Quote: Bob Hicks @ October 4 2012, 4:41 PM BST

If it was as widespread as you suggest there should be a major investigation and any surviving abusers should be sent to jail for their crimes.

We don't have enough prisons. I'd guess that this sort of thing was much more widespread than it is now.

Watched the programme and it's obvious the girls involved were starstruck by this knobber, yuk, how could this have gone on and no one seems to have made anything of it until now?
Seems to me he was an inadequate who could not form adult relationships, and not even a hint a a 'relationship' with any of the girls, just groping, fumbling and forcing himself, he was truly a sick weak man with little or no emotional capacity who managed to get away with it simply because of who he was.

Quote: Bob Hicks @ October 4 2012, 4:41 PM BST

This "different times" mentality doesn't lessen the crimes.

Not to us of 2012, no.
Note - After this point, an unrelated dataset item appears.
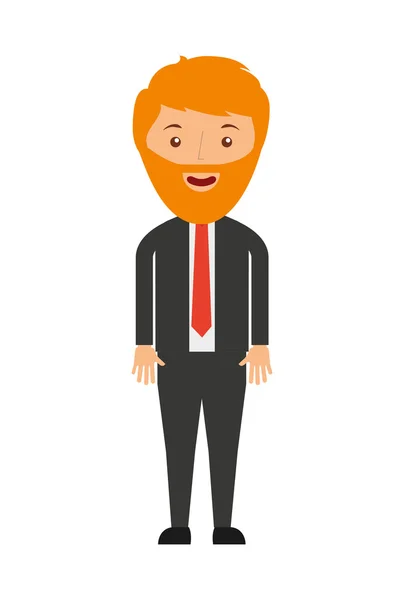 Hombre de negocios avatar icono de diseño — Vector de stock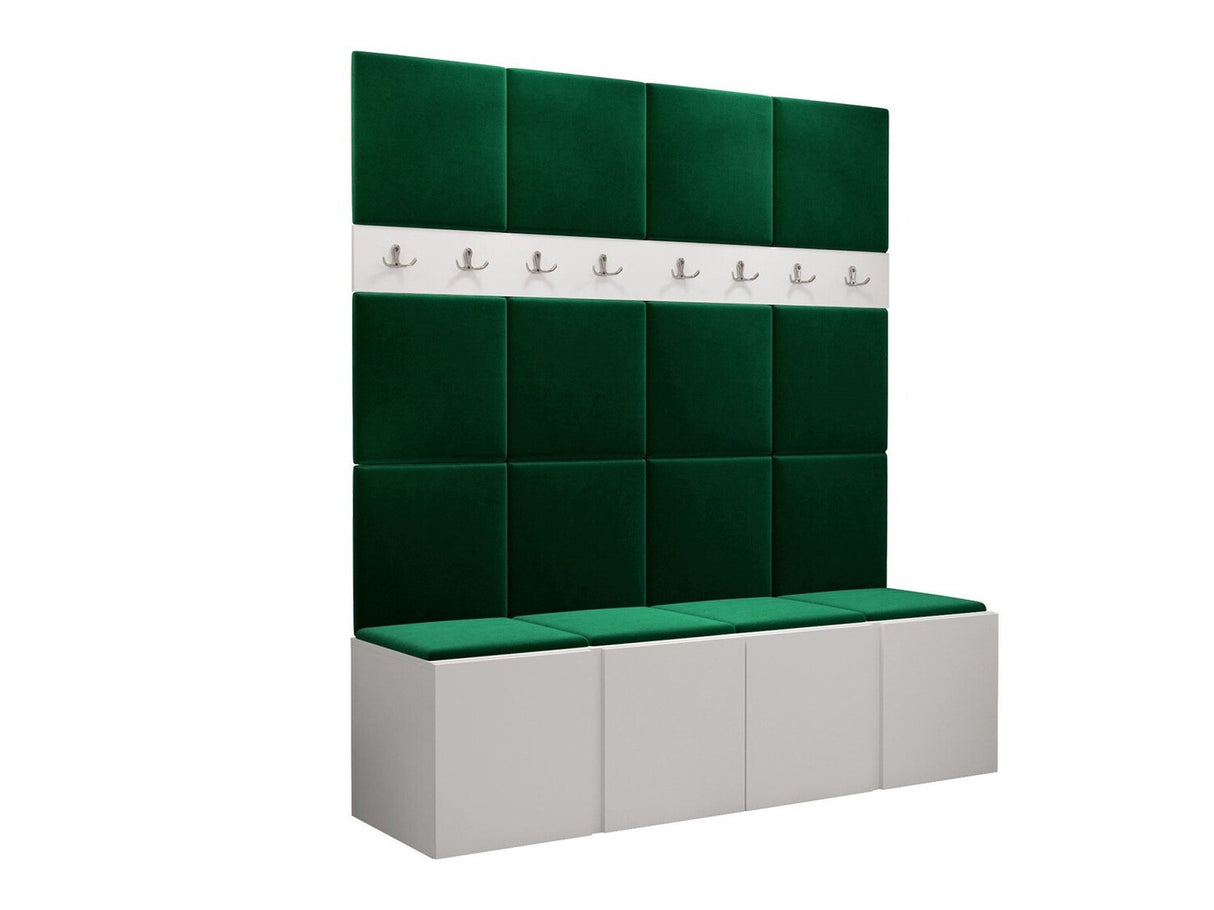 Előszoba garnitúra ORION V (Tavasz V), Keret színe: Fehér, Puha falpanel színe: Manila 35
But to many of 1974ish or before I'd say it possibly generally did. If kids we're visibly hurt or killed or violently raped then of course, big crimes were committed like today and media fuss was made like today, but I do reckon that if glamorous DJ or looked up to doctor or judge up the road was a bit too friendly with teenagers on occasion, then no, in general terms, I don't think such things were viewed as being the real crimes they're seen as today. Perspective and historical insight need to be deployed in past cases like these. A lot has changed in how we view the world in the last 40 or so years.

I think Alfred has a point, but there is a hole in it, I don't believe it was more acceptable back then, rather more it took place in a fairly unscrutinised way. Today we are more aware and have endless means of exposing such behaviour, via Twitter etc. Sexual abuse of the kind Savile et al were involved in were just Chinese whispers in the 70s, and could easily have been buried and kept out of the papers by knowing the right people.
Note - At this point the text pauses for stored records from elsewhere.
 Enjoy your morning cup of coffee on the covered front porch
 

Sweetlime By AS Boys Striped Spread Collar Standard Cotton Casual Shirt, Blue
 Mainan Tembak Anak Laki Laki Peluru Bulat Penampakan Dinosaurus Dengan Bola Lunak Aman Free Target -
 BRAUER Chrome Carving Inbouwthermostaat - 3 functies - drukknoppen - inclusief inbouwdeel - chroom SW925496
Historic retrospection is justified if you are studying the circumstances and causes of any given situation. It does not and cannot give it any moral justification, we know that the catholic church and many other institutions knew and condoned such behaviour. It was not acceptable then, it just was not talked about or sadly believed most of the time. Things have moved on thank God. Saville was a vile pervert and it wouldn't matter if it was in the twentieth, twenty first or Nineteenth century. The real tragedy is the lives he ruined and the trust he betrayed. It is a shame that he was not unmasked in his lifetime, but I would imagine any charitable trusts he was involved in have some serious thinking to do.

Quote: Alfred J Kipper @ October 4 2012, 5:07 PM BST

A lot has changed in how we view the world in the last 40 or so years.

Very true, I can't imagine any song today being successful with the lyrics:

"You come on like a dream, peaches and cream, Lips like strawberry wine. You're sixteen, you're beautiful and you're mine."

Quote: Bob Hicks @ October 4 2012, 4:41 PM BST

This "different times" mentality doesn't lesson the crimes.

Quote: Alfred J Kipper @ October 4 2012, 5:07 PM BST

Not to us of 2012, no. But to many of 1974ish or before I'd say it possibly generally did.

And I would disagree. I went to a boarding school in the 1970s...

Apparently the third celebrity molesting girls with Savile and Glitter was only after their pet hamsters.

Quote: Bob Hicks @ October 4 2012, 5:55 PM BST

And I would disagree. I went to a boarding school in the 1970s...

I know what you mean I went to catholic boarding school, I'm amazed I'm not more of gibbering wreck than I am.